Header background

Davis AI now detects infrastructure availability issues as root cause

Having been named as a Leader in the 2020 Gartner APM Magic Quadrant for the 10th consecutive time proves that Dynatrace is the best-of-breed application performance monitoring tool available. Our Davis® AI causation engine can easily detect root causes that are related to service slowdowns or increases in failures. But what happens if a service work perfectly but the underlying infrastructure, such as processes and hosts, experience an outage? To address such issues, Dynatrace Davis® can now also analyze large-scale incidents from the perspective of infrastructure monitoring (IM), in addition to its APM capabilities. As such, Davis automatically detects process and host availability root causes for large-scale, user-impacting incidents. This capability eliminates the need for default trigger events for process availability issues. Therefore, we introduced a new default setting at the process-group level that reduces event spam for non-stable process groups. This setting also allows you to opt into trigger events for your most important process groups. Let’s take a look at how this works.

Davis automatically detects process and host outages as root cause

Take the following example of a critical outage that affects multiple services: Dynatrace Davis automatically analyzes the situation and detects that several important processes were unexpectedly shut down.
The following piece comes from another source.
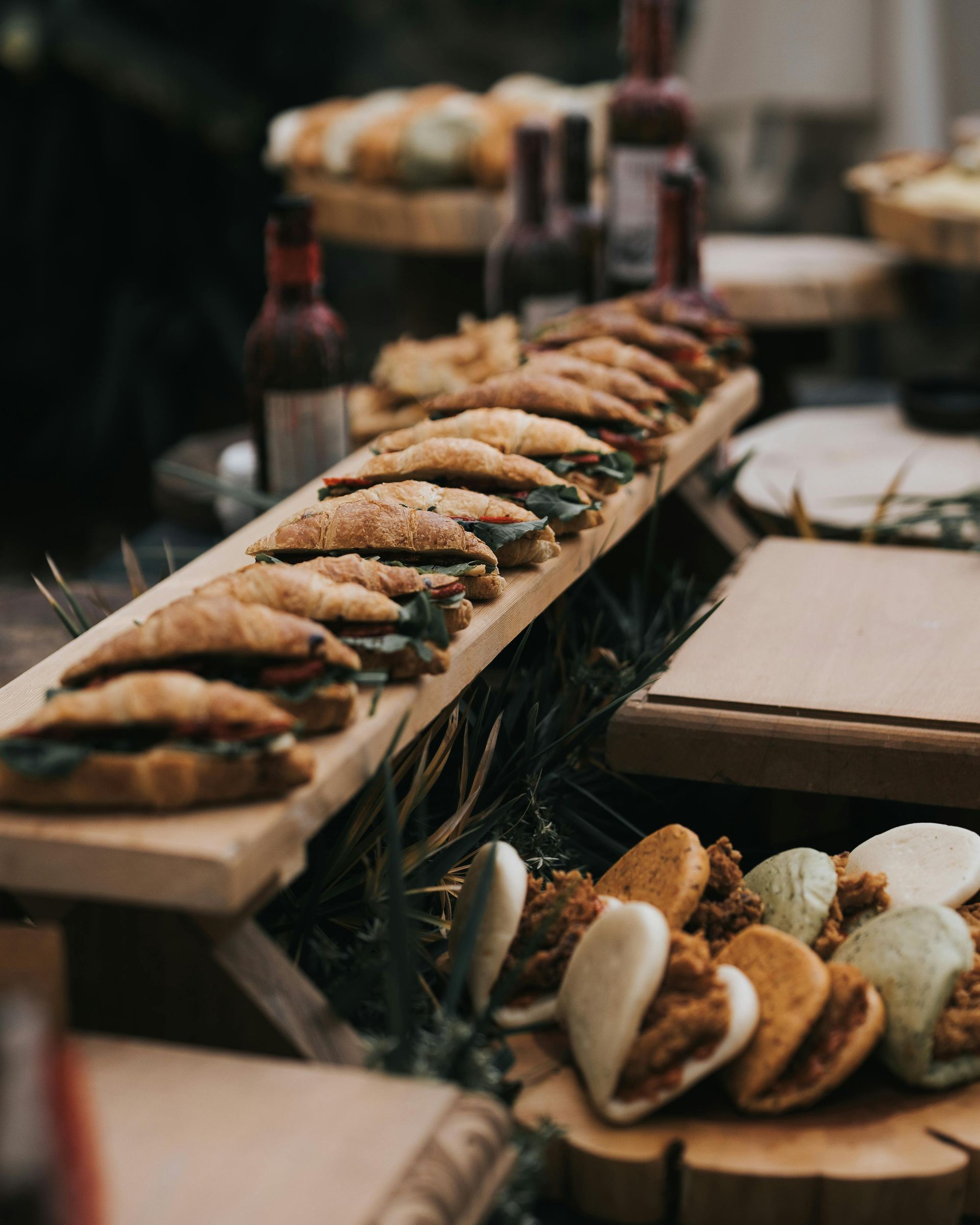 Tray of assorted pastries and sandwiches on a buffet table at a catered event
See the incident summary from Davis below, where changes in the availability of processes was detected as the real root cause of this problem.

Problem details with processes shown as the root cause of service outages

From this example, you can see some key advantages of Dynatrace Davis over other monitoring solutions:

  • Davis can detect process- and host-related availability root causes.
  • Davis combines APM incident and impact detection with infrastructure monitoring root-cause detection at the process and host level.
  • The presented availability root cause summarizes all relevant process and host outages, so there’s no longer a need to click through individual pages to understand the scope of the problem.

As you can see, Davis is perfectly capable of detecting the availability of individual processes and hosts as the root cause of a user-impacting incidents. To be alerted on the availability of your most important process groups however, you need to specifically opt into a Davis availability event trigger at the process-group level.

Receive alerts only for the most important process-group availability issues

Dynatrace version 1.194 includes an important enhancement in process and process-group availability settings.

Instead of reporting process availability events of service-hosting process groups by default, we’ve switched to an opt-in approach for process group alerts. On the settings page for process group availability, you can now see that alerting is disabled by default.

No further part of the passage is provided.